## Work instruction:
After locating the line that contains "Poster Halloween Skeleton", quote it and all lines after it through the end of the entries, and nothing more. Pictures stay out.

## Stored items:
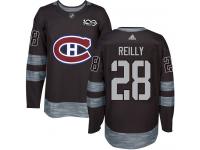 #28 Adidas Authentic Mike Reilly Men's Black NHL Jersey - Montreal Canadiens 1917-2017 100th Anniversary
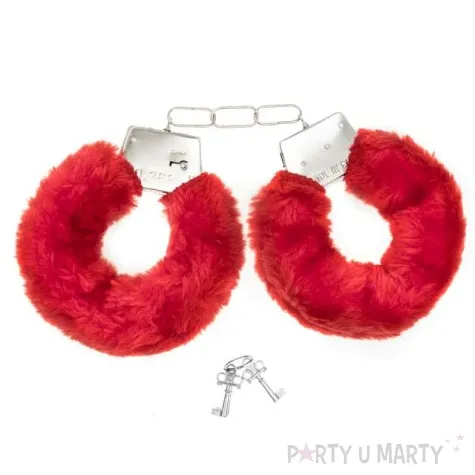 kajdanki party sexy futerko czerwony partypal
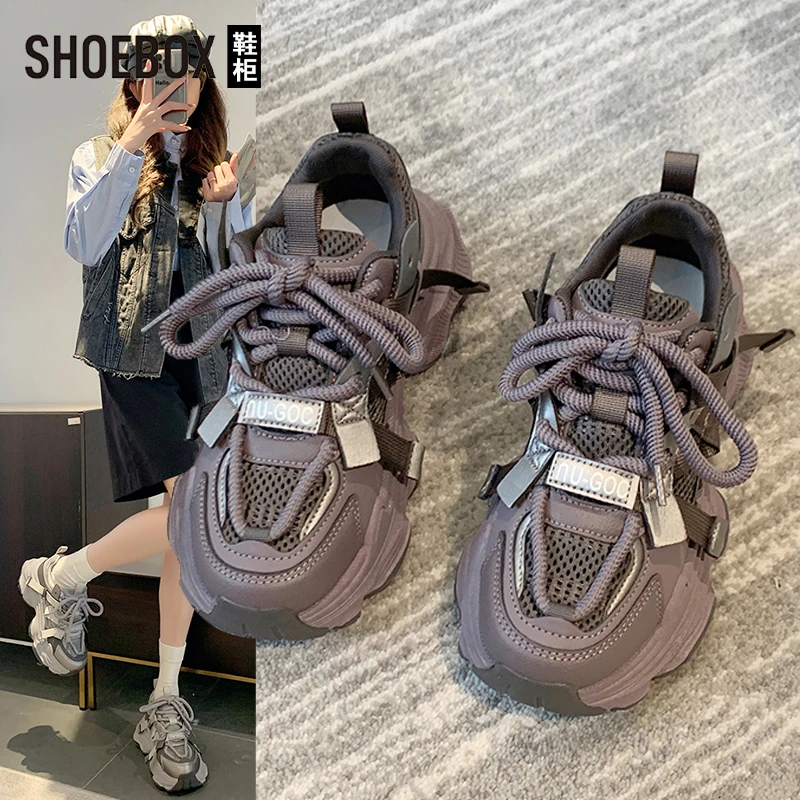 SHOEBOX鞋柜老爹鞋女2025新款爆款夏秋季百搭厚底网红休闲运动鞋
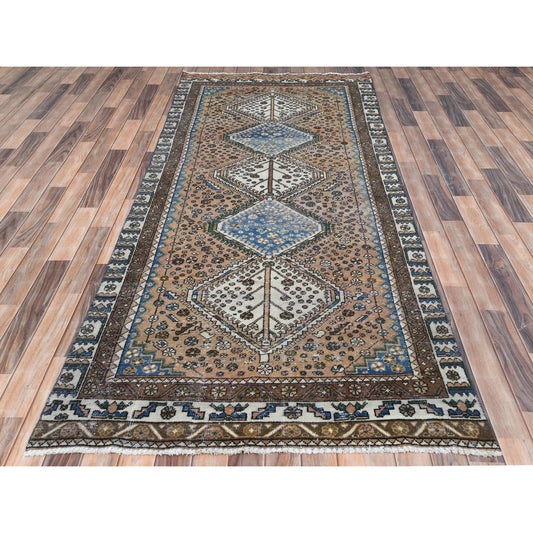 Overdyed & Vintage Worn Wool Hand Knotted Rug Brown Brown 4.1X9.10 -O081074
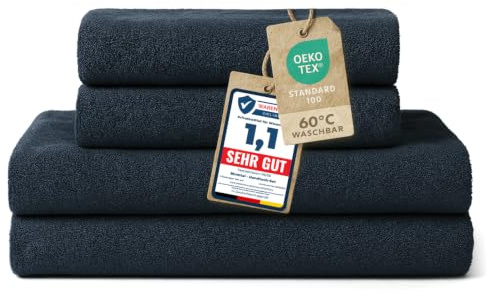 Blumtal Premium Frottier Handtücher Set 4 teilig 100% Baumwolle - Oeko-TEX zertifiziertes Badetuch 2X (70x140 cm) + Towel 2X (50x100 cm) - saugstarkes Frottiertücher Set - Handtücher Blau Dunkel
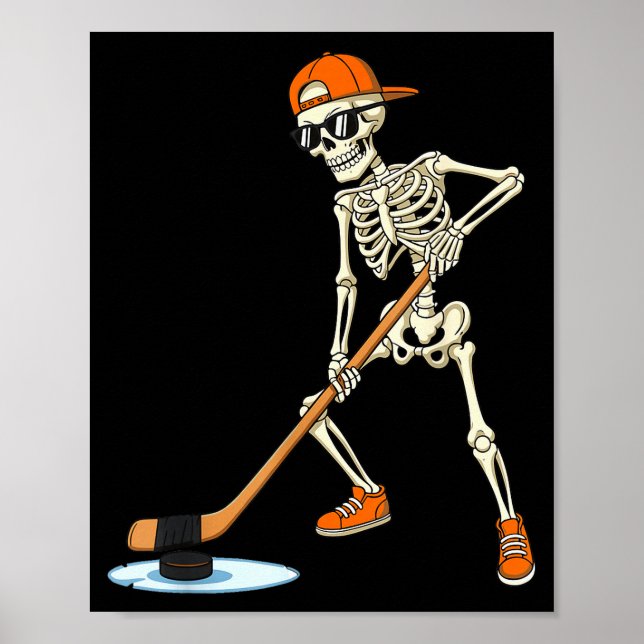 Poster Halloween Skeleton Funny Hockey For Boys Teens Men (Devant)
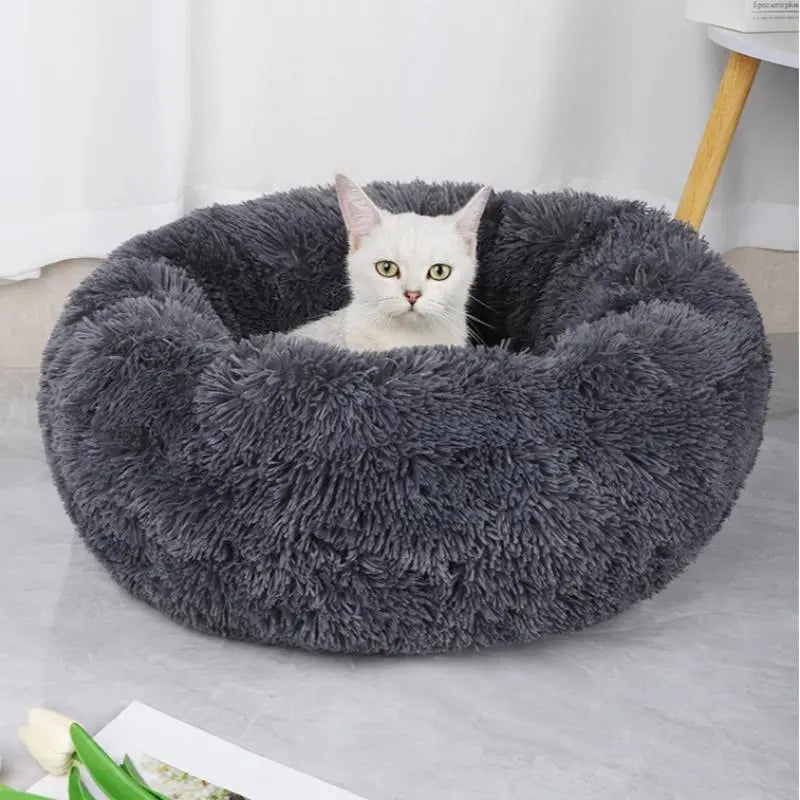 Round Plush Cat Bed, Soft Sleeping Cat Nest, Warm Fleeced Cat Cave, Cute Pet Condo for Cats & Dogs, Pet Supplies (It Is Recommended to Take One Size Larger)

## Exercise result:
 Poster Halloween Skeleton Funny Hockey For Boys Teens Men (Devant)
 Round Plush Cat Bed, Soft Sleeping Cat Nest, Warm Fleeced Cat Cave, Cute Pet Condo for Cats & Dogs, Pet Supplies (It Is Recommended to Take One Size Larger)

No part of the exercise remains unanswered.